▸ RAW DATA
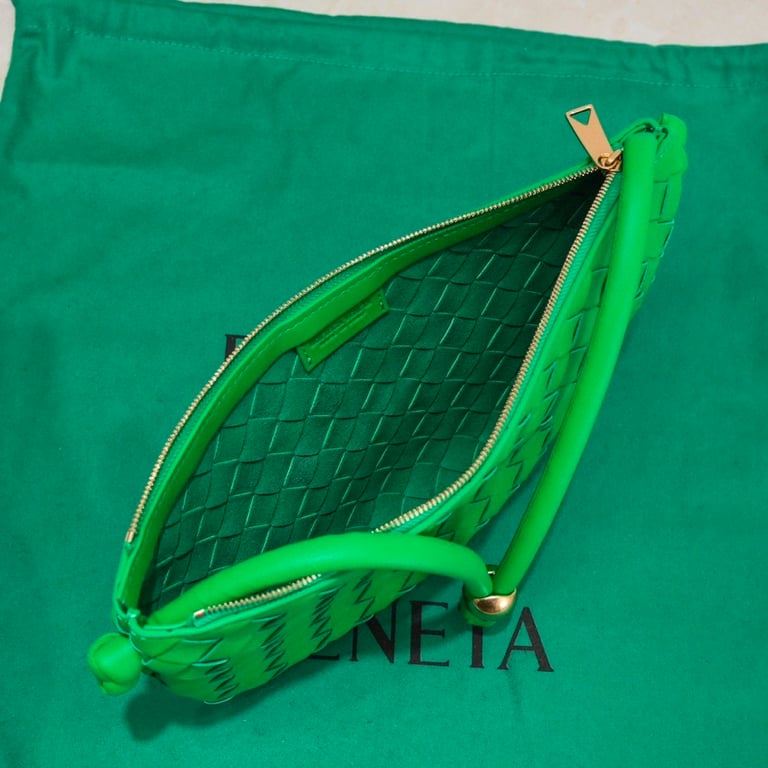BOTTEGA VENETA MEDIUM TURN POUCH IN INTRECCIATO PARAKEET LEATHER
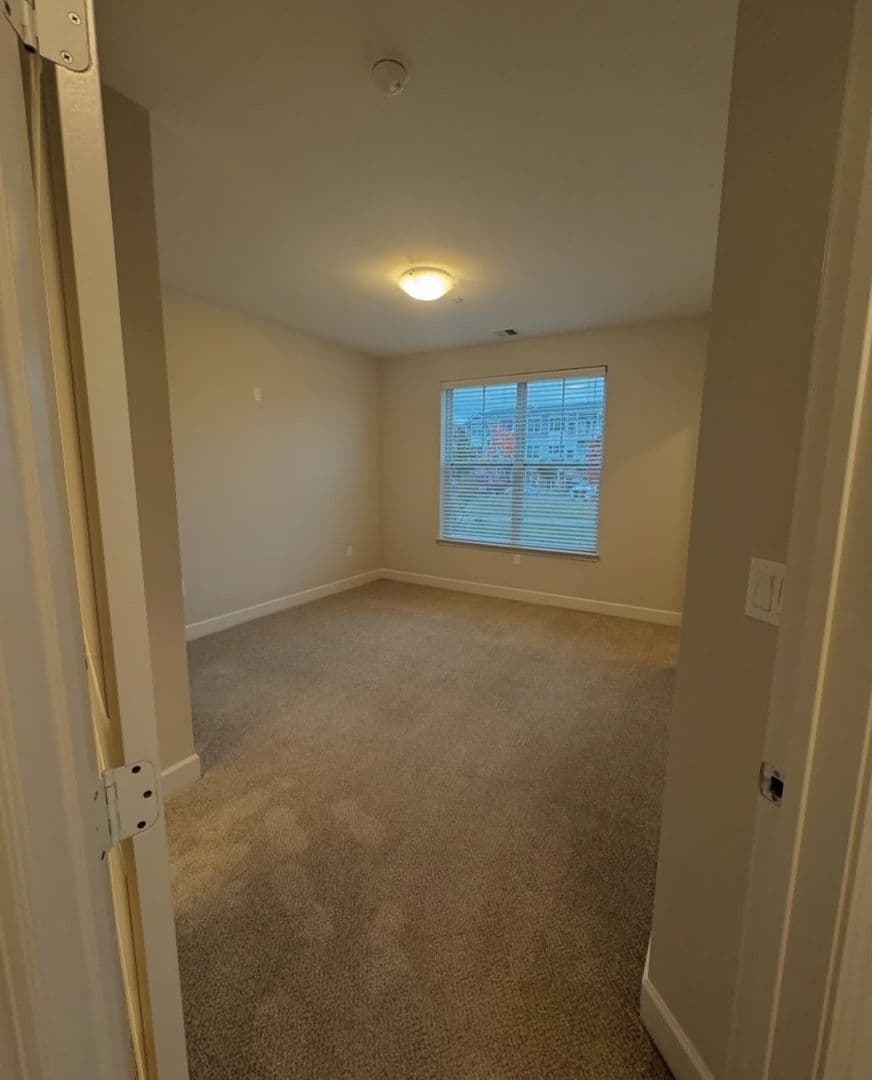 Old Saybrook Apartment: 7 N Main St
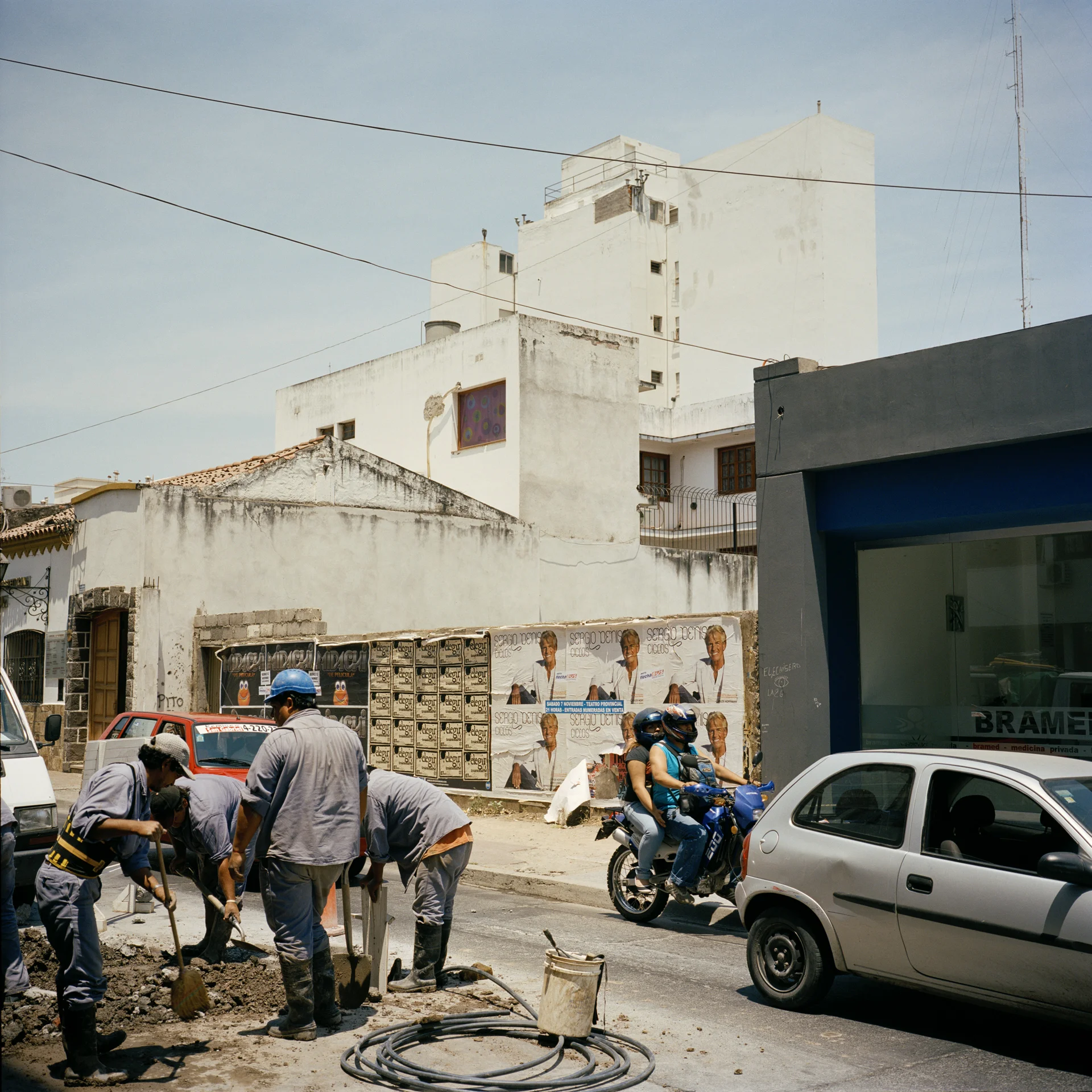 Salta. Construction workers and traffic.
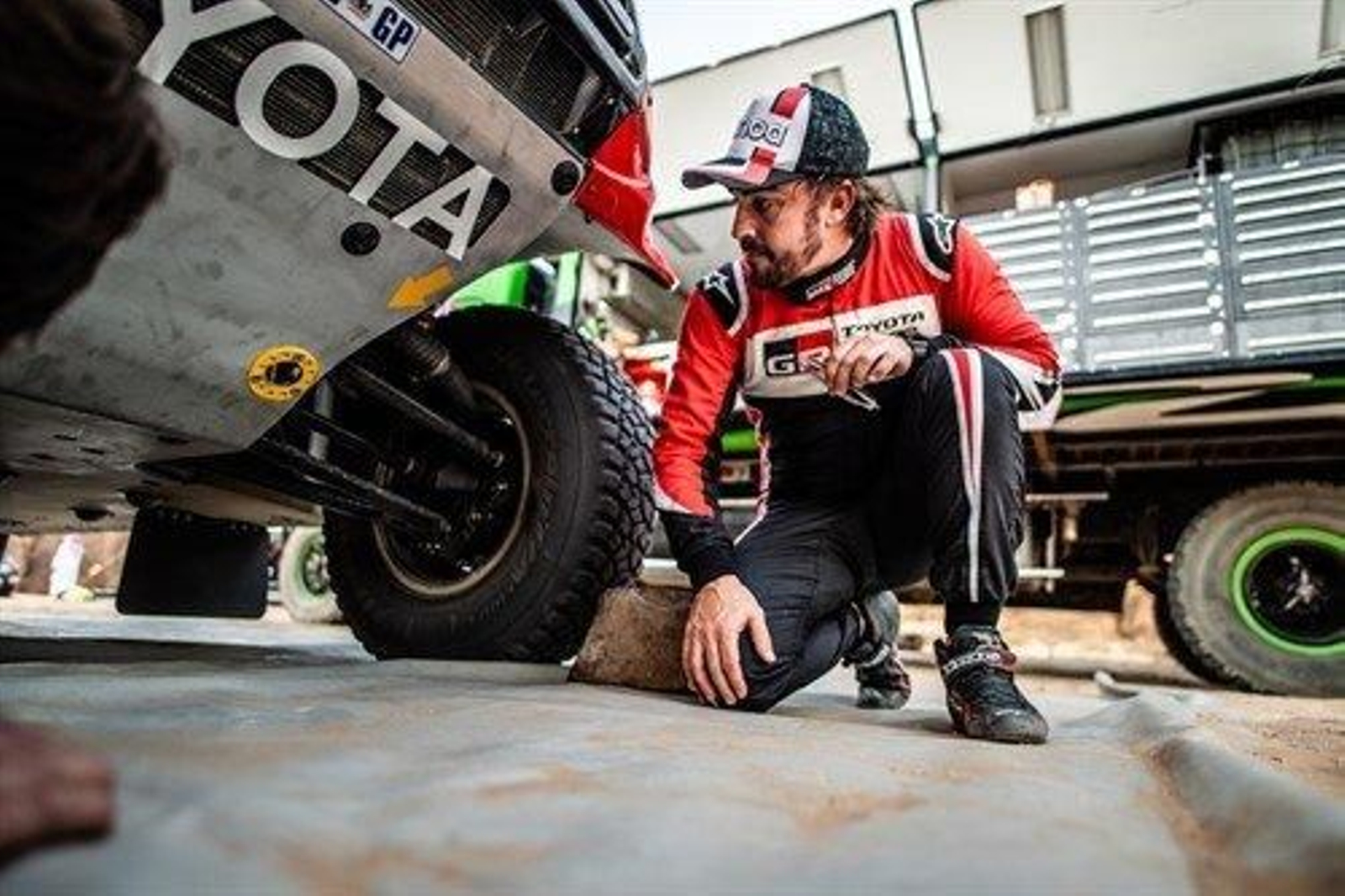 El piloto español Fernando Alonso revisa su Toyota en un rally en Arabia Saudí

▸ REQUIRED WORK
Copy out the listing exactly as it stands, but not the pictures.

▸ FINISHED TASK
BOTTEGA VENETA MEDIUM TURN POUCH IN INTRECCIATO PARAKEET LEATHER
 Old Saybrook Apartment: 7 N Main St
 Salta. Construction workers and traffic.
 El piloto español Fernando Alonso revisa su Toyota en un rally en Arabia Saudí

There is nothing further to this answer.